Von dem Spargel-Radar will auch der Wolfsburger Sondermaschinenhersteller ASM Dimatec profitieren. Er hat Fördermittel des Bundeswirtschaftsministeriums genehmigt bekommen und setzt es für die Forschung ein. Im Spargelgeschäft ist das Unternehmen schon länger angesiedelt.

„Bundesweit sind rund 35 sogenannte Vollernter aus unserem Haus auf den Feldern“, schätzt ASM-Mitarbeiter Malte Helberg. Sollte das Ortungssystem der Braunschweiger Wissenschaftler in den nächsten Jahren irgendwann in Serie gehen, könnten sich die Kunden diese Technik in die Maschine einbauen lassen – für einen Aufpreis, versteht sich.
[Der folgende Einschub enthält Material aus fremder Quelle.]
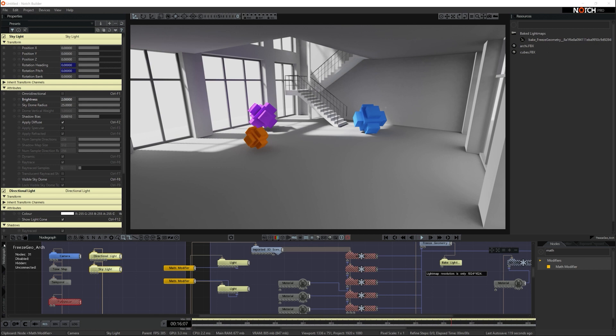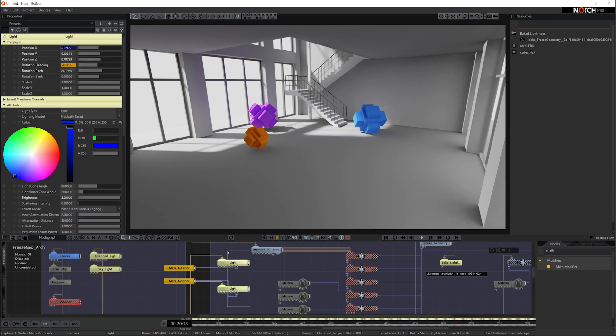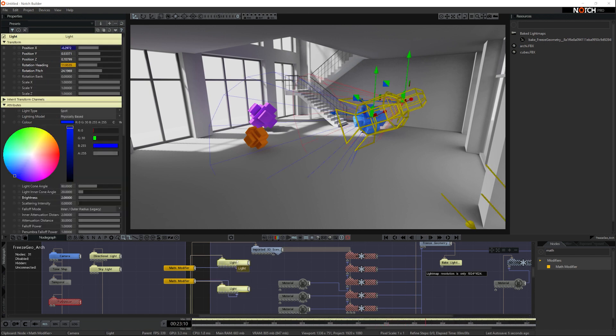Dynamic lighting won't show up on a baked light surface until you've done this. Here are my dynamic lights and they're currently not showing up on the baked light surface.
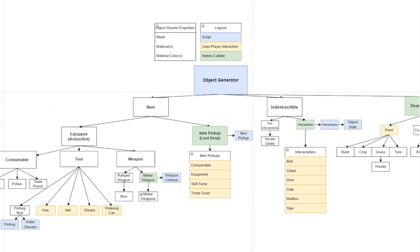I'm going to end it here. Hopefully you guys got some insight as to why I'm doing this object generator type script. Feel free to comment below if any questions or comments and thank you for watching.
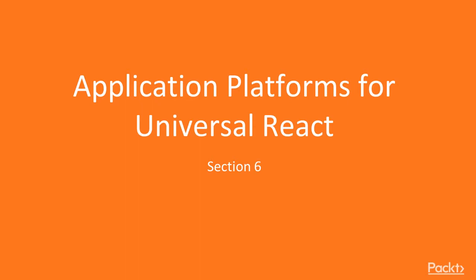Hi, and welcome to the final section, Section 6, Application Platforms for Universal React.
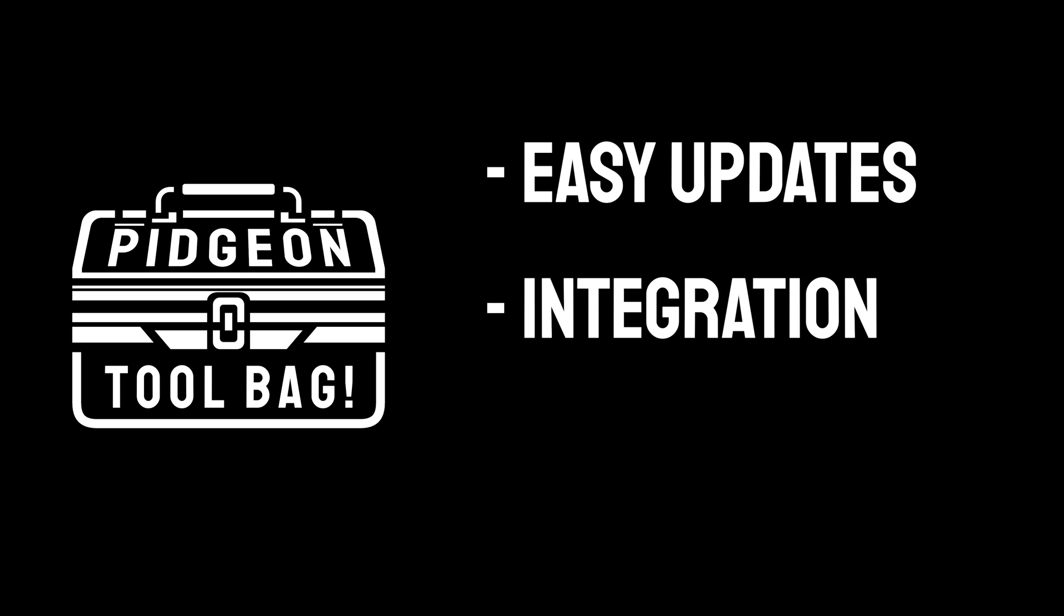Secondly, our add-ons are now more closely integrated, ensuring seamless interactions and more efficient workflows. This means less time figuring out how tools interact and more time being productive. Plus, this unified approach has opened the door to cross-add-on features, unleashing new realms of creative possibilities that were previously unattainable.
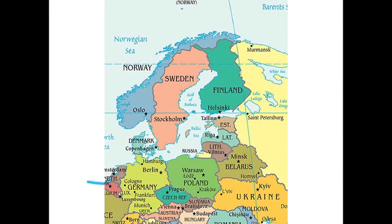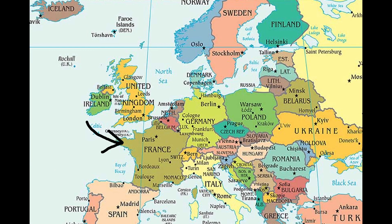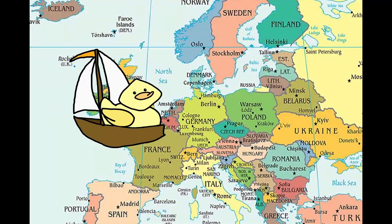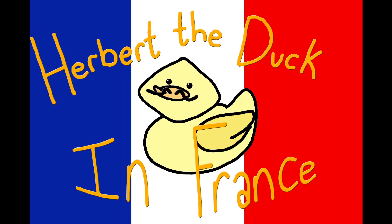And then he would sail to—where can you sail to? Maybe France? Harbert the duck in France.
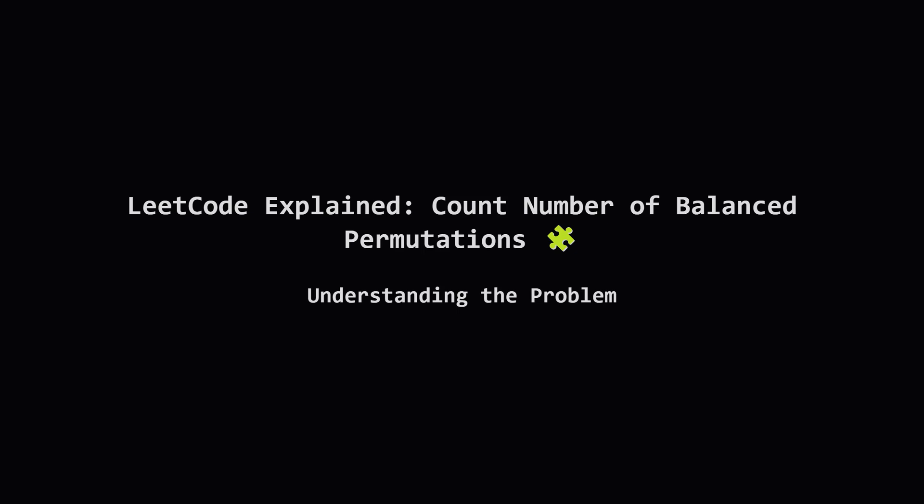Hey everyone, welcome. Today we're tackling a LeetCode problem called Count Number of Balanced Permutations. It sounds a bit fancy, but don't worry, we'll break it down step by step. The goal is to find how many ways we can rearrange a given string of digits to make it. Let's see what that means.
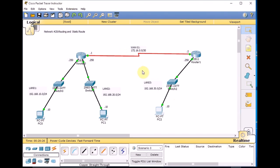We go to Router0: conf t, IP route — we add a static route. Destination 192.168.30.0 with subnet mask 255.255.255.0, next hop 172.16.0.2 (or you can specify the exit interface serial0/3/0 — up to you). We also add a static route on Router1 for 192.168.10.0 255.255.255.0 via 172.16.0.1. Now PC2 on LAN3 can successfully ping 192.168.10.10. In the next video, we'll learn static routes and default routes further. I hope this is informative — please subscribe, send your feedback and comments. Thank you very much.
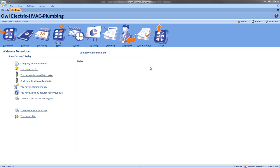Hi, this is Anne with My Service Depot. In this video we're going to see how we can update Smart Service as well as how to find out if there's a new update available.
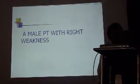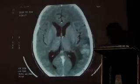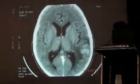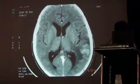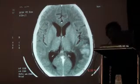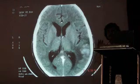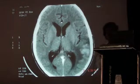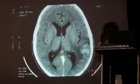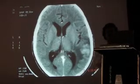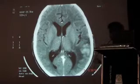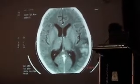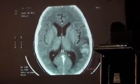A patient with right-sided weakness — what is it? An infarction. What type of infarction? It is hemorrhagic infarction. Mainly in the head, part of the little single area, after a day or two in this part.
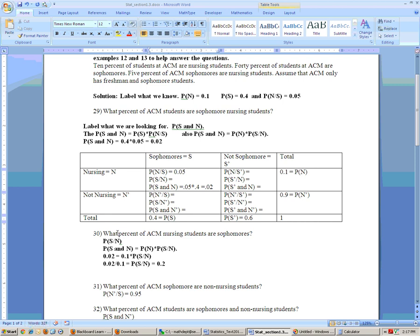Problem 30 says: what percent of ACM nursing students are sophomores? We're looking for the probability of sophomore given nursing, because it says 'of ACM nursing students' — that's your given. We want P(sophomore | nursing). Another way of calculating the probability of sophomore and nursing is: probability of nursing times probability of sophomore given nursing. The probability of sophomore and nursing is 0.02 from the previous problem, and the probability of nursing is 0.1. So to find P(sophomore | nursing), take 0.02 divided by 0.1, which gives 0.2.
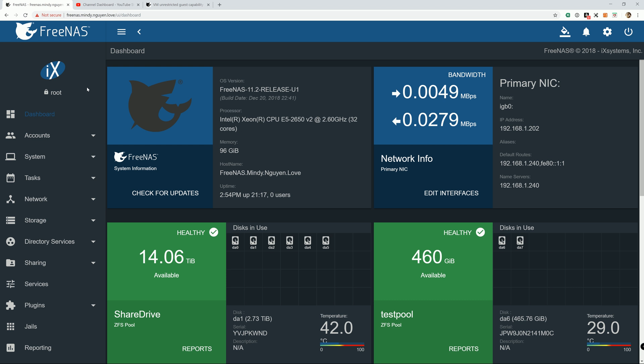In the last couple of tutorials I did a video on how to create a virtual machine on FreeNAS and install Ubuntu.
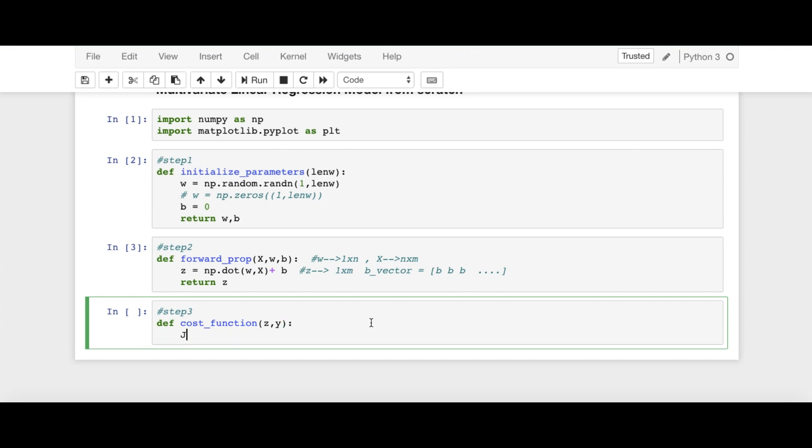So here I'm going to say this Z is equal to 1 divided by 2M, right? So here twice of M summation, we say np.sum of what?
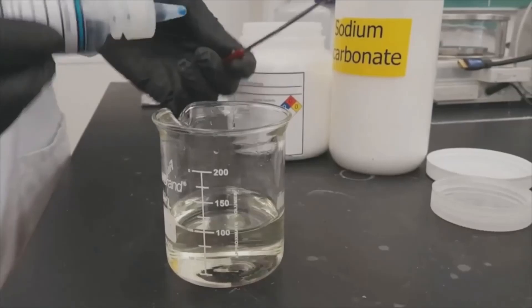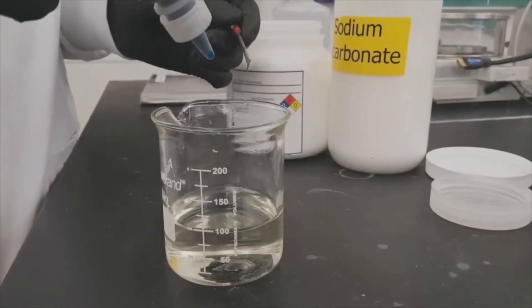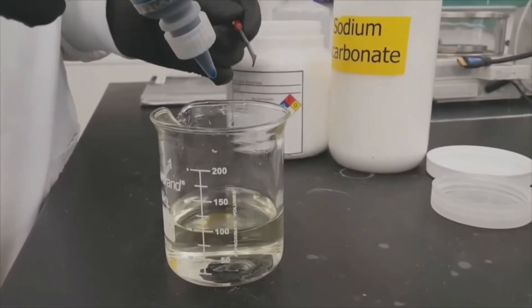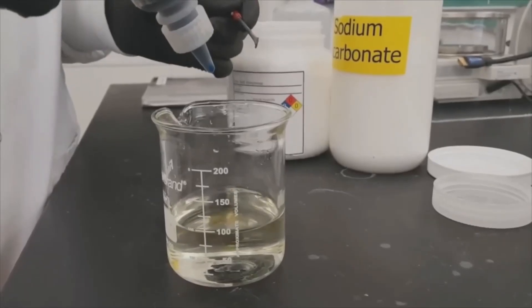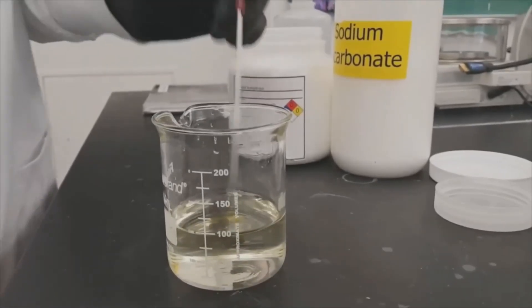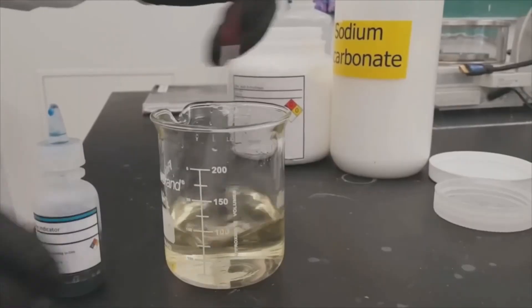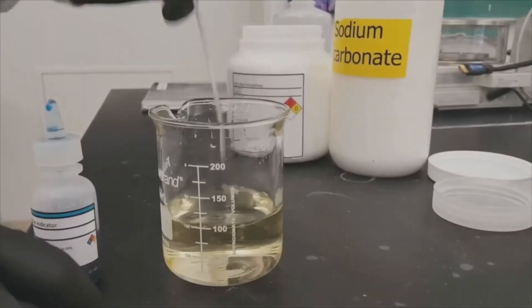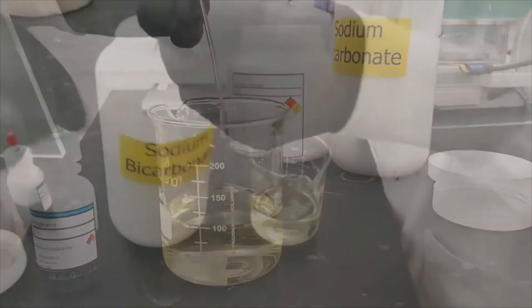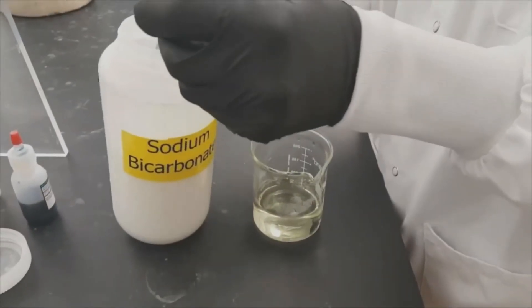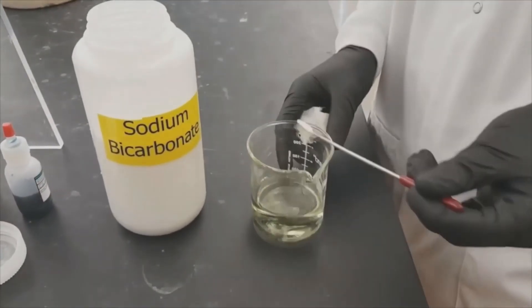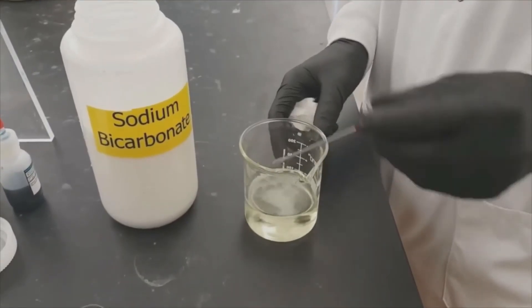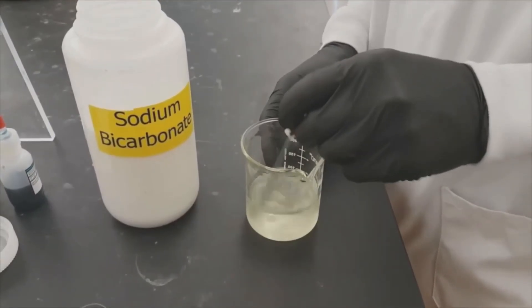Bromothymol blue will appear yellow if your solution is acidic and blue if your solution is basic. So if it's yellow, you'll want to neutralize the acid using sodium bicarbonate. It's very important when you do this that you add only a small amount of bicarbonate at a time. For example, one spatula tip full.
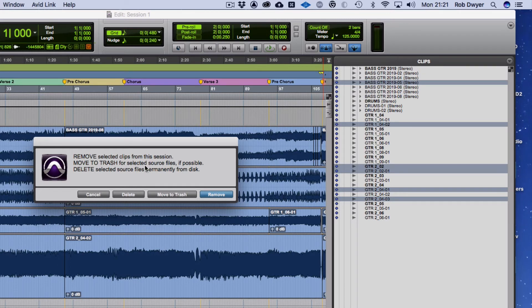Moving to trash means you can delete files at a later date if you want to, and it gives you a way out in case you didn't mean to delete something. The other option, which is the destructive method, is Delete — it says 'delete selected source files permanently from disk,' meaning it's gone forever with no way of getting it back.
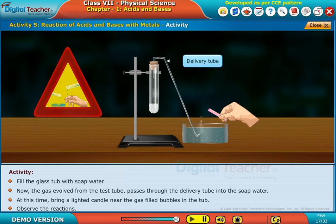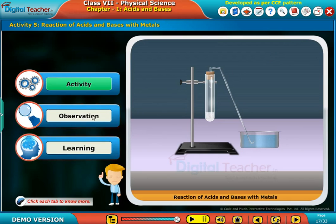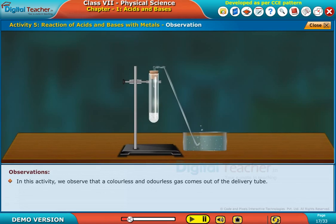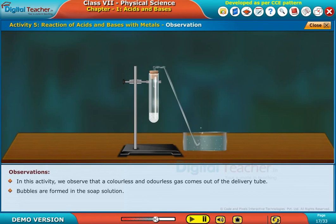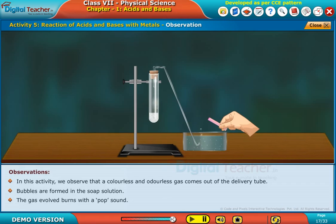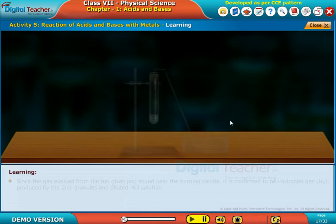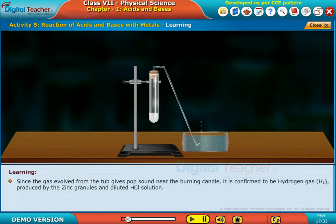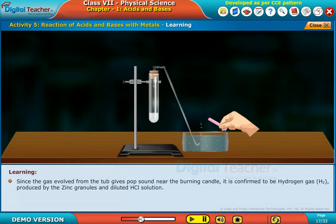Bring a lighted candle near the gas-filled bubbles in the tub and observe the reactions. Make a note — be careful while handling acids. In this activity, we observed that a colorless and odorless gas comes out of the delivery tube, and bubbles are formed in the soap solution. The gas evolved burns with a pop sound.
Helberg glaubt, dass der Einsatz des Radars für Veränderungen auf dem Spargelmarkt sorgen könnte. „Ohne Personal wird es auch hier nicht gehen, aber natürlich gibt es noch Einsparpotenziale.“ Ein Vorteil für Spargelbauern wäre, dass mit der steigenden Effizienz der Erntemaschinen auch die Unabhängigkeit von den osteuropäischen Saisonarbeitern zunehmen würde. Vielleicht, so mutmaßt Helberg, könnte die Vollautomatisierung irgendwann dazu führen, dass Bauern weniger, aber dafür festes Personal für die Ernte einstellen werden. „Für ein dann besseres Einkommen.“

Gerade die laufende Saison hatte das Problem offensichtlich gemacht. Das vergleichsweise trockene Frühjahr hatte das weiße Gemüse schnell und früher als üblich wachsen lassen. Viele niedersächsische Landwirte suchten daher schon Wochen vor dem eigentlich geplanten ersten Spargelstich händeringend nach Helfern.

Auch der Faktor der Zeitersparnis spielt eine nicht unwesentliche Rolle. Gelingt der Feldversuch, würde das Radarsystem genauer aufzeigen, wie sich das Gemüse unter der Erde entwickelt. „Bei der Spargelernte zählt manchmal ein halber Tag. Und jeder Zentimeter, der mehr geerntet wird, bedeutet bares Geld“, erklärt Ingenieur Schöbel.

Und welchen Nutzen hätte der Endverbraucher, der leidenschaftliche Spargelesser, von einer radargesteuerten, vollmaschinellen Ernte? Fällt gar der Kilopreis? Da wollen sich sowohl die Wissenschaft wie auch der Maschinenhersteller nicht festlegen. Den eingesparten Personalkosten, die, so schätzt Helberg, etwa 50 bis 60 Prozent des Spargelpreises heutzutage ausmachen würden, würden die Investitionen des Bauern in den weiterentwickelten Ernter gegenüberstehen.

Auch Schöbel warnt vor Schnellschüssen. „Wir sind noch am Anfang. Alles, was im Labor gelingt, kann in der Praxis auf dem Feld ganz anders aussehen.“ Die nun gesammelten Daten würden Aufschluss darüber geben, ob man auf dem richtigen Weg sei, sagt der Wissenschaftler, während in seinem Rücken ein Erntehelfer sich seines Hemdes entledigt.